2) A prospective captioner would have to put in literally hundreds of hours of training just for the system to accurately recognize their voice.

3) The process proved to be disruptive to other students in the classroom.

4) One captioner felt that the microphone setup was claustrophic.

5) I was having sign language interpreters trained on the captioning system. At first the interpreters were eager to learn a new technology, but as the training droned on and on, and when they used it in the classroom and it was glaringly apparent that students didn't derive the same level of cogent, expressive interpreting they'd had with interpreters, the interpreters felt they were doing the students a grave injustice. They all hated it and felt either they should be left to do real sign language interpreting or that CART would be a much better alternative.

6) The students felt the resulting transcript contained too many errors and the lag time was too long.

7) The end result is that I have a $5000 Captioning System just sitting in my storage room collecting dust."


-- Mai McDonald, Pratt Institute Disability Services. Posted with permission.

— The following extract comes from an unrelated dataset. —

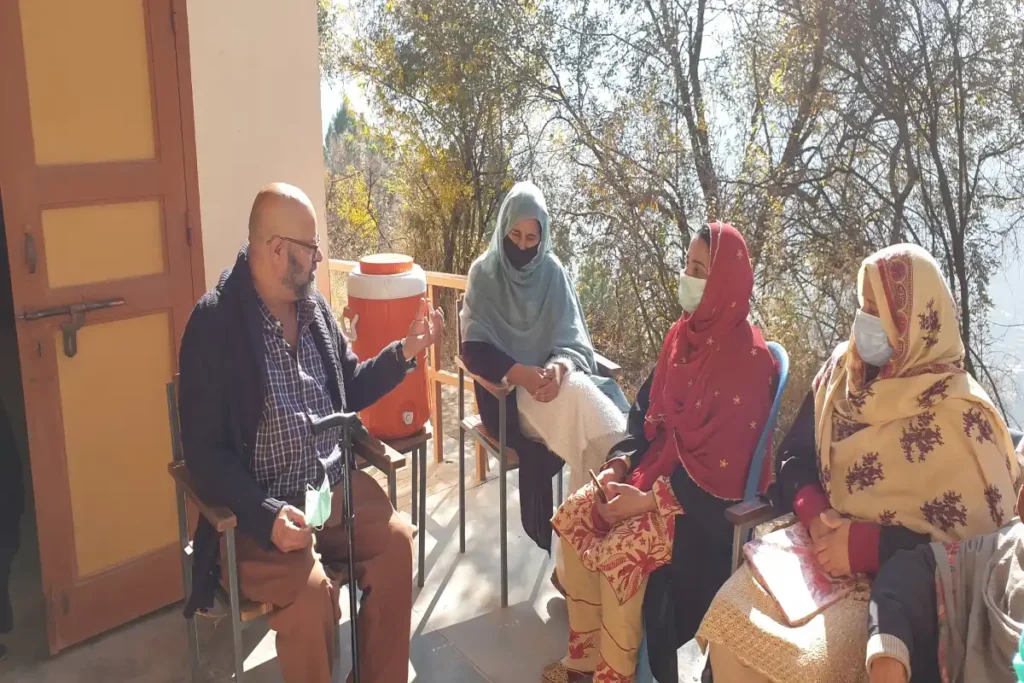 A small group of international teachers receiving personalized training and guidance on the QTS certification process.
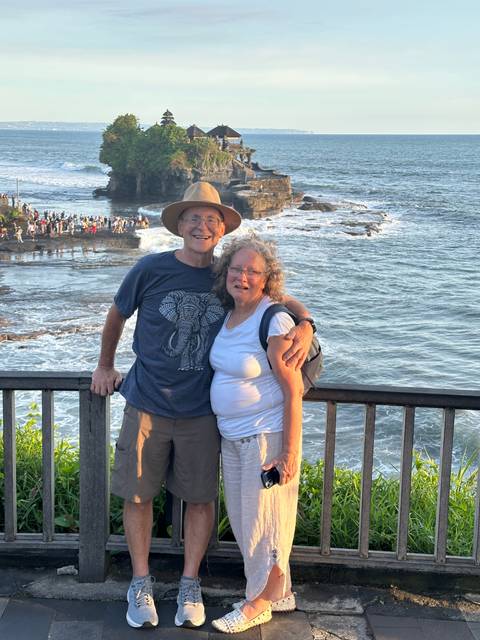 Couple standing by the ocean with rock formations in the background.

Computerized transcription is a fantastic technology, and it's particularly useful for those who can speak easily but find typing difficult. When someone is composing off the top of their head, they generally tend to speak at a slower rate than their ordinary conversational speed, and if they see that the program has made a mistake, they can easily stop and correct it. It's a very different situation when it comes to realtime transcription of someone else's speech, particularly in a university environment. It is possible to produce an accurate transcript using only a microphone and a computer with sufficiently advanced software and processing power, but it is by no means a simple matter.

A distinction should be made here between speech recognition and voice recognition. Speech recognition is completely automated. A computer picks up natural live speech from any speaker through a microphone and instantly translates it to text without any human intermediary. In practice, speech recognition is unsuited for the task of live transcription. It can be effective in distinguishing from a small number of options or commands (such as the automated voice menus that have replaced "press one for yes or two for no" in some commercial telephone systems), but it is unable to distinguish between speakers or insert punctuation, and its accuracy is wildly variable, ranging from not very good to abysmal.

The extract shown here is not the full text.